Hi I’m Julanie and I’m a mender… I’ve come to notice that I am a fixer (of people and broken things) and sometimes it’s draining.
Out of habit, when certain people give me praise or a compliment, I always wait for the “but”. I immediately anticipate the attack to follow, and it’s not out of insecurity or a lack of self- confidence, it’s merely out of habit.
For some, that person could be your mother, sister, an in- law, even your best friend, but it’s more often than not a woman in your life, and for me that’s sad. We ladies have perfected the art of backhanded compliments and snarky replies, fake smiles and laughs. We always hear stories of men breaking us down and how some have overcome that, as well as tips and tricks to get us back up again and set boundaries, but do we ever talk about the female relationship dynamics? Because I haven’t heard that conversation yet, in fact, we tend only to speak of the good aspects like amazing mothers, the strength of women, their skill, adaptability their beauty and, of course, their tenacity and courage, but then the conversation dies. If we are honest most of us have been kicked more by our fellow sisters, and I think it needs to change, but the only way it will happen is with you and me.

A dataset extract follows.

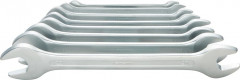 Clé à fourche double DIN 3110 8 outils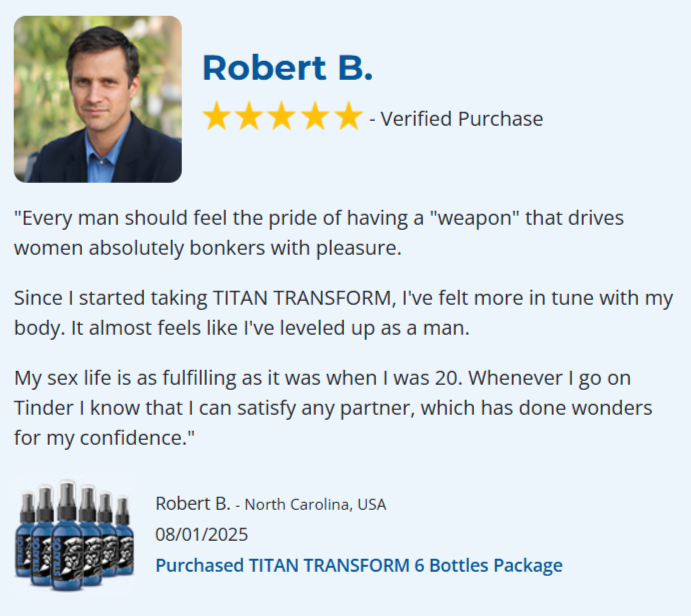 Titan Transform Supplement Facts.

Don’t layer an attack with compliments. If you’ve got to have those difficult conversations, have them. When praising, dish out the compliments as long as they are sincere. The point I’m trying to make is not that we are all these fake girls without the guts to say what we feel. It’s more of an acknowledgment that we can be accountability partners and call each other out, but we don’t have to layer each heavy statement with a compliment, because in doing so, we create a pattern of women actually not believing an affirmation when they receive it, because the perception is that it comes with a list of changes, do’s and don’ts. So not only does the compliment not really affect us, but we don’t even hear it- all we are doing is bracing for impact! We’ve got to lift each other up! We’ve got to do better. Be better. We need each other, we need our sisters.